JABAR EKSPRES — Komisi Perlindungan Anak Indonesia Daerah (KPAID) Kabupaten Cirebon mencatat 7 kasus perundungan selama periode Januari sampai September 2023 di Kabupaten Cirebon.

Ketua KPAID Kabupaten Cirebon, Fifi Sofiyah menerangkan, jumlah tersebut jauh berkurang dari tahun sebelumnya.

“Tahun lalu sedikit sekali yang paling menonjol kasus perundungan pada disabilitas, kalau tahun ini 7 kasus laporan perundungan, tapi tidak ada yang sampai ke ranah hukum, semua bisa diselesaikan secara kekeluargaan,” katanya, Selasa 12 Oktober 2023.

Diyakininya, dalam kurun waktu 8 bulan lamanya KPAID Kabupaten Cirebon hanya menerima laporan perundungan anak, sebanyak 7 kasus di Kabupaten Cirebon.

“Kalau kasus bully di Kabupaten Cirebon yang mengadu ke KPAID itu dari bulan Januari-September itu ada, tapi tidak begitu banyak, yaitu jumlahnya 7 kasus,” ujarnya.

Ke-7 kasus tersebut, tidak seramai satu kasus mencolok di tahun 2022 lalu, soal perundungan terhadap seorang disabilitas.

“Kasus-kasus ini memang tidak sampai viral begitu, kasus yang kami tangani saat ini, lebih kepada bullying yang masih bersifat mengejek atau belum menyentuh fisik,” bebernya.

BACA JUGA: Deklarasi Anti Bullying, SMPN 10 Kota Cirebon Bentuk Satgas

Dia memastikan, ke-7 kasus perundungan anak terjadi di lingkungan sekolah, tingkat sekolah dasar (SD), dan sekolah menengah pertama (SMP).

Contohnya, saat KPAID Kabupaten Cirebon mengawal sebuah kasus perlakuan fisik hingga melukai salah satu teman sekolahnya, di saah satu sekolah.

Diceritakannya, awal mula perundungan dari korban yang usir kepada pelaku, pelaku yang meras risi akhirnya memegang bahu korban yang hendak lari hingga terpeleset.

“Akhirnya dengan permintaan maaf dari pelaku, kasus ini selesai dan pihak sekolahan juga menyatakan akan lebih intens mengawasi selama ada di sekolah,” ucapnya.

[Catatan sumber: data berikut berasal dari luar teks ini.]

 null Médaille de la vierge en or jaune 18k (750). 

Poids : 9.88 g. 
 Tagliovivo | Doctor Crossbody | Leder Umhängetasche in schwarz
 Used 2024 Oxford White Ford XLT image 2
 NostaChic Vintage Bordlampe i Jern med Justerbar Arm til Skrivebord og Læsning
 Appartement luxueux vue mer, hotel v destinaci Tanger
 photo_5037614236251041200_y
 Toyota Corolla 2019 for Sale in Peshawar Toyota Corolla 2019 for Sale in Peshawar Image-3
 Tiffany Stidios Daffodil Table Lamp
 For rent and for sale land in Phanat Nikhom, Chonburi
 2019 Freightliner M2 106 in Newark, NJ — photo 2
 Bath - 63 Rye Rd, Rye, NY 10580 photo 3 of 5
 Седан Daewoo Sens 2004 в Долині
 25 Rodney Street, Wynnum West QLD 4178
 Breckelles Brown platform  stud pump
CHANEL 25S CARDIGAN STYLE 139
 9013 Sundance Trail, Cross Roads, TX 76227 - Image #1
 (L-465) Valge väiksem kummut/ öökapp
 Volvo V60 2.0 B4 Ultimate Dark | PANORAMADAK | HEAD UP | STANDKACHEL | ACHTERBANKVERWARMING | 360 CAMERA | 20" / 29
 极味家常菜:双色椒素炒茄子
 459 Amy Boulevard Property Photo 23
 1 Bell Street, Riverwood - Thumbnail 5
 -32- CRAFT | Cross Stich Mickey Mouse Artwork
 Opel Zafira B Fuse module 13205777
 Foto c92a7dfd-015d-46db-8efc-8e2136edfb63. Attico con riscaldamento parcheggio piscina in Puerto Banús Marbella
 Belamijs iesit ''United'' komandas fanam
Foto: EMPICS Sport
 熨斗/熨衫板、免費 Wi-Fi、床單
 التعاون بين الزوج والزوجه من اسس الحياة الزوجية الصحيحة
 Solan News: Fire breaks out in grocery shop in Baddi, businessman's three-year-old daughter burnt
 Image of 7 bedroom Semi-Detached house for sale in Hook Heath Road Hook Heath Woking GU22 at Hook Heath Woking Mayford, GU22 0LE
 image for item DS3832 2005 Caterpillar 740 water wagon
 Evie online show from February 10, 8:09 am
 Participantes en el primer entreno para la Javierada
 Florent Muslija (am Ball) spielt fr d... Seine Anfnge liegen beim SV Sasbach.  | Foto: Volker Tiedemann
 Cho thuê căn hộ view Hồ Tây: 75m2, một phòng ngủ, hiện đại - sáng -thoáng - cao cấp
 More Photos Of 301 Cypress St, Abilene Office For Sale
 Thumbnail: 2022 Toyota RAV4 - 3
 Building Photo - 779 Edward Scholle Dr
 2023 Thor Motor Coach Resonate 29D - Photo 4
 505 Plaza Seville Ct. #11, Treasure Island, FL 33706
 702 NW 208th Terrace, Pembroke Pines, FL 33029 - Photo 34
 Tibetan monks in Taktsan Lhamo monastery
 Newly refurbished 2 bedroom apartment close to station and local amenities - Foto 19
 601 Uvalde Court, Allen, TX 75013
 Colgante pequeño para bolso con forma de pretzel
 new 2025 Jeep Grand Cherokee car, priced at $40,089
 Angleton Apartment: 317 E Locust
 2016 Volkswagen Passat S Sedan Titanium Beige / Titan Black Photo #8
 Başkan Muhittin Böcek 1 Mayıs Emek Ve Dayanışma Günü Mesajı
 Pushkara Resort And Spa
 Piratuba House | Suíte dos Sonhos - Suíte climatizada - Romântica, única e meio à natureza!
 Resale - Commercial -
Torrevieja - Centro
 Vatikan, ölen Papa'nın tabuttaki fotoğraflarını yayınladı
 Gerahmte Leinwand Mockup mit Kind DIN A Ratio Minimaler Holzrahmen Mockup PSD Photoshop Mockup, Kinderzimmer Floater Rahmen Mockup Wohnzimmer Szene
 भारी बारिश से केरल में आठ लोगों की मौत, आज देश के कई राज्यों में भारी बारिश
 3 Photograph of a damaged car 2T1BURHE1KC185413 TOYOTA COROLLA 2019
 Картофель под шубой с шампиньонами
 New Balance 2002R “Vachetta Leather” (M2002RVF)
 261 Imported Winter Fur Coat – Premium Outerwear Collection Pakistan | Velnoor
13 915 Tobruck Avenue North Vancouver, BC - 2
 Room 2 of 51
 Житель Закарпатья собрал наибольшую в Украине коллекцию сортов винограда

Kasus lainnya terjadi, di mana seorang guru melakukan tindakan merampas HP yang berdampak kepada si anak tidak mau masuk sekolah, alasannya takut. Anak tersebut merasa cara menegur gurunya tidak bisa diterima.

“Setelah kami mendatangi pihak sekolah dan guru meminta maaf serta orangtua anak ini menerima permintaan maaf, akhirnya anak ini mau lagi bersekolah,” jelas dia.